### SUPPLIED DATA:
*** Begin section ***
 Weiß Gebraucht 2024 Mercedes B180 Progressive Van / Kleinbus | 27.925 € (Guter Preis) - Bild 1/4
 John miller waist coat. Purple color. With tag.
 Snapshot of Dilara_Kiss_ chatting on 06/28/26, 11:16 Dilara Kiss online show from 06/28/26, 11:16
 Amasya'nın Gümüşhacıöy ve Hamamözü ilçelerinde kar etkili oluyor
*** End section ***
*** Begin section ***
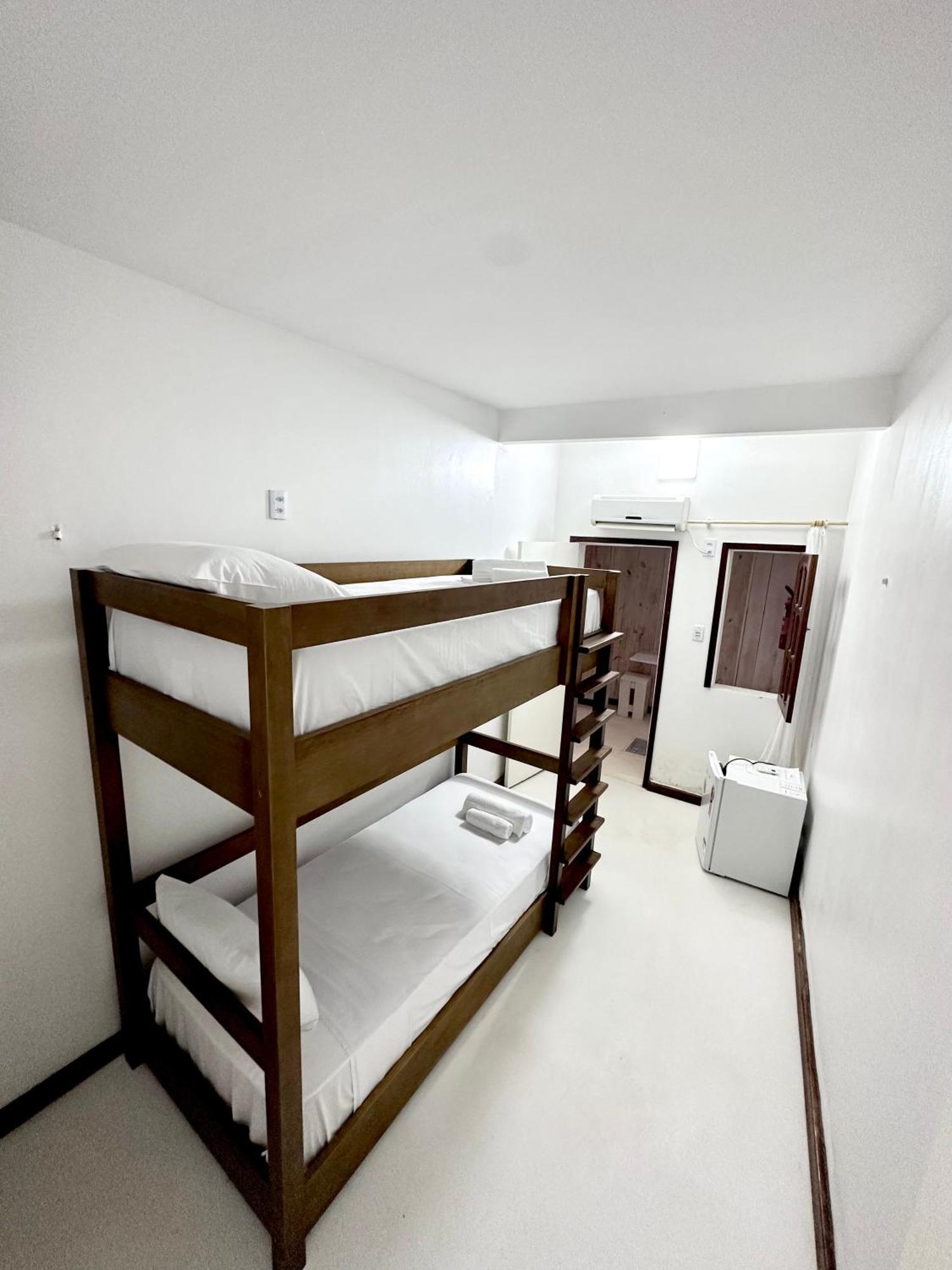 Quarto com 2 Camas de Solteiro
*** End section ***
*** Begin section ***
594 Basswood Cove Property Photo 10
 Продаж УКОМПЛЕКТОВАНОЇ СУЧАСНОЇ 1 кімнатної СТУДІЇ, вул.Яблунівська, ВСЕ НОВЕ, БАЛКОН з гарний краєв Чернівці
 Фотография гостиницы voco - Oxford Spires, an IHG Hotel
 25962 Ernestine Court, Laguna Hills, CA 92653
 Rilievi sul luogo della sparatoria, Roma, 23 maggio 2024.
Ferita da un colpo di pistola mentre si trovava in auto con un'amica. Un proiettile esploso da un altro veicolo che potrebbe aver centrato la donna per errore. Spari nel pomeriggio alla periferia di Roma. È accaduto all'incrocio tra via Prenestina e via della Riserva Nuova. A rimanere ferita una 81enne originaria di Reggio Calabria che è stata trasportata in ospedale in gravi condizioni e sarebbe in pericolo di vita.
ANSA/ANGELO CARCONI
*** End section ***
The range runs from the line above containing "Продаж УКОМПЛЕКТОВАНОЇ СУЧАСНОЇ" to the line containing "Rilievi sul luogo", inclusive. Restate those lines word for word and no others.

 Продаж УКОМПЛЕКТОВАНОЇ СУЧАСНОЇ 1 кімнатної СТУДІЇ, вул.Яблунівська, ВСЕ НОВЕ, БАЛКОН з гарний краєв Чернівці
 Фотография гостиницы voco - Oxford Spires, an IHG Hotel
 25962 Ernestine Court, Laguna Hills, CA 92653
 Rilievi sul luogo della sparatoria, Roma, 23 maggio 2024.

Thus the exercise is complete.